Ever since the earliest days of digital television, broadcasters have struggled to deliver a television signal with the sound and picture synchronized. That’s because the end-to-end chain from production to compression to storage to distribution to decompression consists of devices that each introduce some latency.

Plus, the audio part of the program and the video part of the program go through different devices in the chain, and are united finally in the TV receiver.

Early on, the worst offenders (in my experience) were the live news feeds from reporters in the field. But the problem wasn’t limited to broadcast signals. I recall watching a cable video-on-demand movie that had a noticeable lip synch problem. Anyway, things got better as the problem became better understood.

More than ten years ago, the Advanced Television Systems Committee issued the following recommendation for synchronization at the input to the broadcast encoding device: “The sound program should never lead the video program by more than 15 milliseconds, and should never lag the video program by more than 45 milliseconds.”

But that does not include the time delays inherent in the decoding process at the digital TV receiver. Those decoder delays introduced additional synchronization errors, because some of the earliest DTV receivers did not check the Presentation Time Stamps periodically while a program was being viewed. There was relative drift between the audio and video streams, but the receivers only re-synchronized the audio and video at a channel change.

Consequently, the Consumer Electronics Association adopted CEB- 20 (“A/V Synchronization Processing Recommended Practice”) in 2009. Basically, it says that receivers should constantly monitor the Presentation Time Stamps for the audio and video, and should keep them synchronized. CEB-20 is used for TV programs delivered to TV receivers and cable set top boxes, but not (so far as I know) for over-the-top video such as Netflix.

But those efforts only dealt with specified pieces of the complete end-to-end TV delivery chain.

Ideally, information should be incorporated into the stream at the time the audio and video are captured, and used by the receiver to synchronize the audio and video at the time they are rendered. The Society of Motion Picture and Television Engineers (SMPTE) has been working on just such a project for a number of years, and they recently reported on the status of that work.

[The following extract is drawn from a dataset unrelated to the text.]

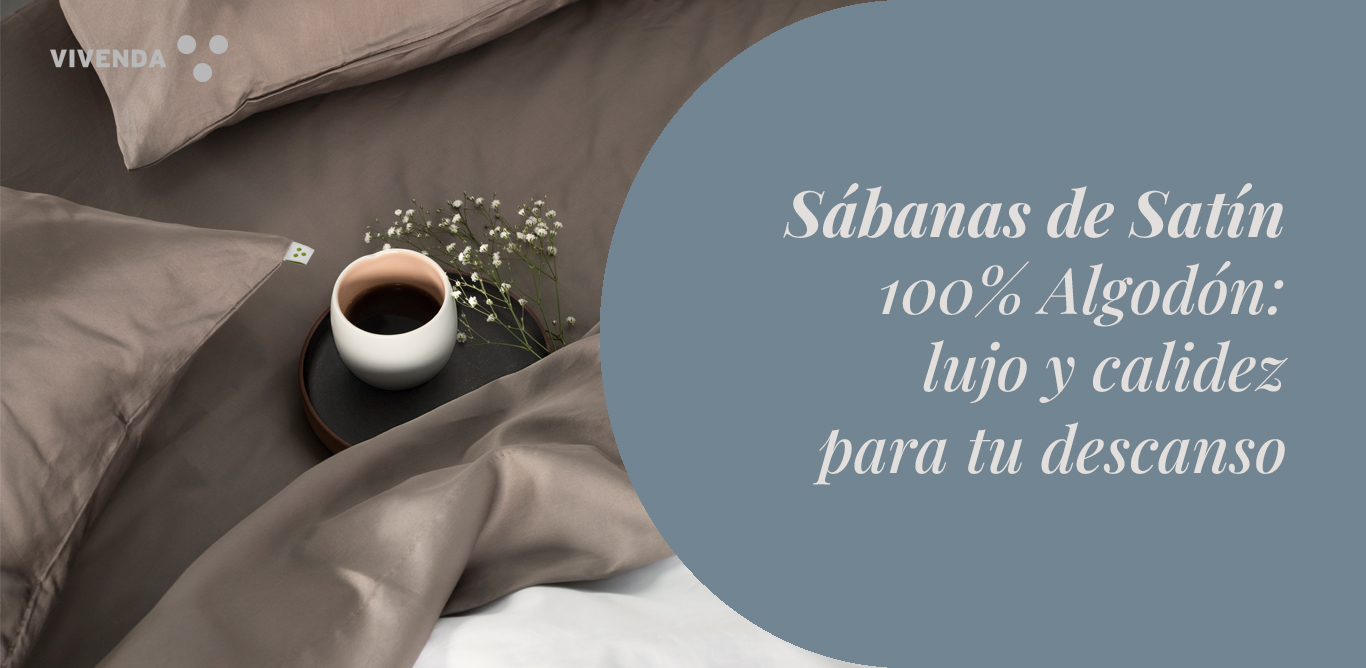 Juego de sábanas de satín 420 hilos en cama de hotel boutique, elegantes y suaves al tacto.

SMPTE’s approach derives certain data from the video and audio at a point in the chain where they are known to be in synch and carries that data to the receiver. The receiver compares the known good data with the same data derived from the video and audio at the receiver and correlates that information to re-synchronize the video and audio.

SMPTE considered two approaches for carrying the data, fingerprinting and watermarking.

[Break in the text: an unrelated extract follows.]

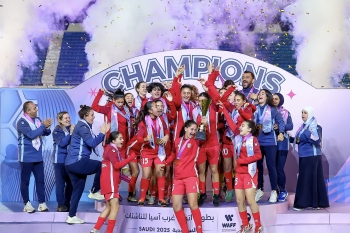 لمياء بن بهيان تتوج منتخب لبنان بذهب غرب آسيا للناشئات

Watermarking hides the data invisibly within the video and inaudibly within the audio. Fingerprinting carries the data separately. SMPTE chose fingerprinting, for several reasons. Watermarking modifies the content in ways that might not be invisible or inaudible to all users or might impair the content, might not survive all signal processing, and might not coexist well with other watermarks.The video fingerprint is derived by downsampling a frame to SD resolution, then sampling the luminance of 960 specified points. The data is truncated to 8 bits, and compared with the samples from the previous frame. The number of samples that have changed by more than 32 is divided by 4, and the result is the video fingerprint.

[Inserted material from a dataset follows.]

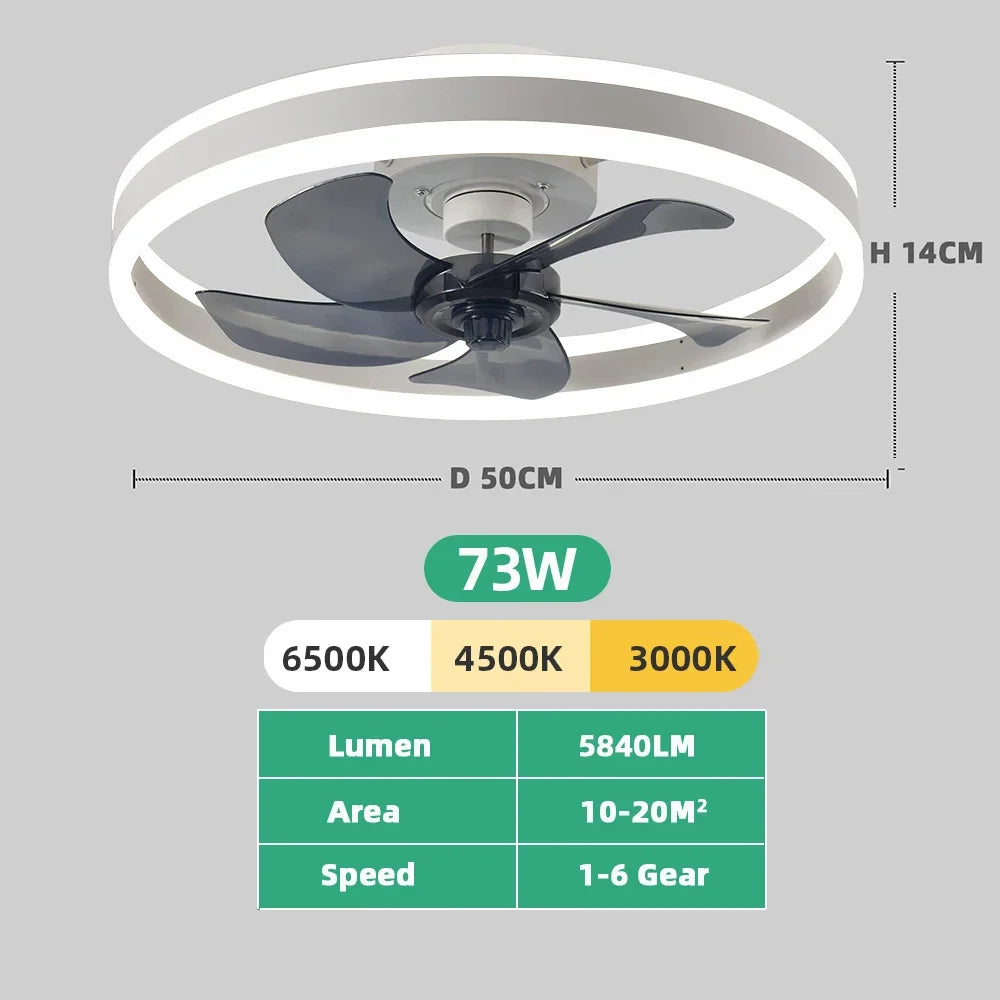 Aura Silent LED Deckenventilator Lampe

Another sampling and truncation scheme is used to derive the audio fingerprint.

That’s all well and good, but in order for the concept to work, the video and audio fingerprints need to be derived at the receiving device (TV receiver or set top box) so that they can be compared with the values derived at the beginning of the chain, and used by the set top box or receiver to correct the synchronization.

How many boxes or receivers today have the circuitry needed to do this? None.

Can that capability be added to existing, deployed devices? Probably not. What is the incremental cost to add the circuitry to new devices? Unknown.

There’s another issue. SMPTE has defined the fingerprinting method, but not the methods for delivering it down the chain.

Broadcasters and cable systems today use MPEG Transport Streams to deliver the video and audio elementary streams and the related metadata. ATSC standard A/53 and SCTE standard ANSI/SCTE 54 define the method.

No work has begun to modify those standards to define the carriage of fingerprints.

Similarly, Over-The-Top programmers like Netflix use IP Transport. The next generation television system known as ATSC 3.0 will transport video and audio as files, using a different system than MPEG Transport.

Methods for carrying the fingerprint data needs to be defined and standardized for those transport methods.

Finally, a recent experience. I was watching a cable news channel that had a mosaic on the screen consisting of a base picture showing the moderator and six windows with individual commentators. One of the commentator windows had a noticeable lip synch problem.

So far as I can tell, the SMPTE approach cannot correct that problem in the viewer’s TV or set top box. There will still be a need for good lip synch “hygiene” at every point in the program distribution chain.